Une école maternelle aux prises avec la chaleur

À première vue, l’école maternelle de Grabels, située dans l’Hérault, incarne les difficultés rencontrées par de nombreux établissements scolaires face aux canicules. Avec sa cour goudronnée et ses grandes baies vitrées, le bâtiment, construit il y a plus de vingt-cinq ans, offre peu de résistance à la chaleur estivale. « On pouvait monter à 33 °C dans certaines classes », confie une enseignante sous couvert d’anonymat. Une situation qui, selon elle, perturbe fortement les apprentissages et le bien-être des enfants. « Les élèves ont du mal à se concentrer, et les activités en intérieur deviennent compliquées », ajoute-t-elle.

Des solutions simples et efficaces

Face à ce constat, la municipalité a décidé de tester plusieurs dispositifs low-tech pour rafraîchir les locaux. Parmi eux, l’installation de stores extérieurs sur les fenêtres, la végétalisation partielle de la cour ou encore l’utilisation de ventilateurs de plafond. Ces mesures, peu onéreuses et faciles à mettre en œuvre, ont rapidement porté leurs fruits. « Nous avons enregistré jusqu’à -10 °C dans certaines salles », précise un responsable municipal. « Les résultats sont là : les enfants et les enseignants supportent mieux les journées les plus chaudes. » Ces solutions, bien que temporaires, offrent une alternative viable aux systèmes de climatisation, souvent coûteux et énergivores.

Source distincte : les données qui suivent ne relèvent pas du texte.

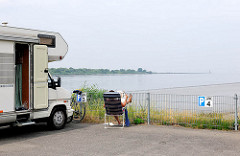 Stellplätze für Wohnmobile am Hafen Glücksstadt - eine Besucherin der Stadt sitzt neben ihrem Wagen im Campingstuhl und liest die Zeitung - im Hintergrund die Einfahrt zur Unterelbe.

Autre initiative locale : la peinture blanche réfléchissante appliquée sur les toitures pour limiter l’absorption de la chaleur. Selon les premiers retours, cette technique permet de réduire la température intérieure de 3 à 5 °C en moyenne. « Ce n’est pas une solution miracle, mais cela change vraiment la donne », souligne un élu de la commune.

Un modèle reproductible ?

L’expérience menée à Grabels suscite déjà l’intérêt d’autres collectivités, notamment dans le Sud de la France où les vagues de chaleur sont de plus en plus fréquentes. À Montpellier Métropole, plusieurs écoles ont adopté des mesures similaires, comme la création de « brumisateurs » dans les cours ou l’aménagement d’espaces ombragés. « Ces solutions ne remplacent pas une vraie politique de rénovation thermique des bâtiments scolaires, mais elles permettent de gagner du temps », explique un expert en bâtiment durable.

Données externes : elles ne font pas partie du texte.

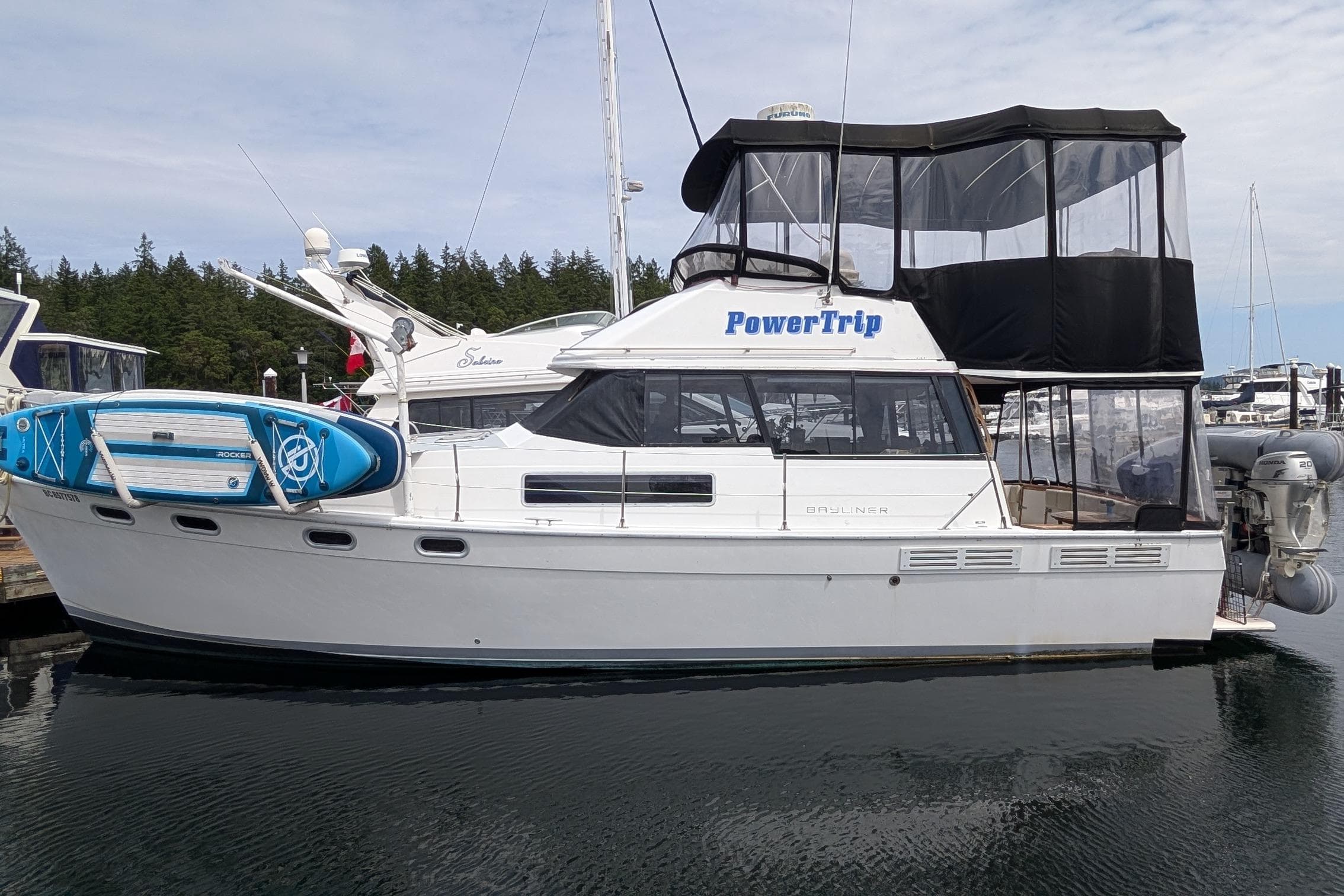 1990 Bayliner 3888 Motoryacht docked with paddleboards, named "PowerTrip."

Pourtant, les freins persistent. Le manque de moyens financiers et la complexité des procédures administratives ralentissent souvent la mise en place de ces dispositifs. « Il faut convaincre les collectivités que ces investissements sont rentables, ne serait-ce que sur le plan du confort et de la santé des enfants », insiste un militant associatif. « Une classe à 26 °C en été, c’est déjà un progrès énorme par rapport aux 35 °C de certains établissements. »

Et maintenant ?

D’ici à l’été 2027, plusieurs communes du Sud-Est prévoient d’étendre ces expérimentations à d’autres écoles. Une réunion est d’ailleurs prévue en octobre prochain entre élus, enseignants et associations pour échanger sur les bonnes pratiques. Reste à voir si ces initiatives seront généralisées à l’échelle nationale, ou si elles resteront cantonnées à quelques territoires pionniers.

Pour l’heure, la question des financements reste centrale. Si certaines collectivités, comme Grabels, ont pu compter sur des subventions régionales, d’autres peinent à trouver les fonds nécessaires. « L’État doit prendre ses responsabilités et soutenir ces démarches », plaide un responsable syndical. « Sinon, ce sont les enfants qui en paieront le prix. »

Parmi les dispositifs les plus efficaces figurent les stores extérieurs, la peinture blanche réfléchissante sur les toitures, la végétalisation des cours et l’utilisation de ventilateurs de plafond. Ces solutions, peu coûteuses, permettent de réduire la température intérieure de 3 à 10 °C selon les cas.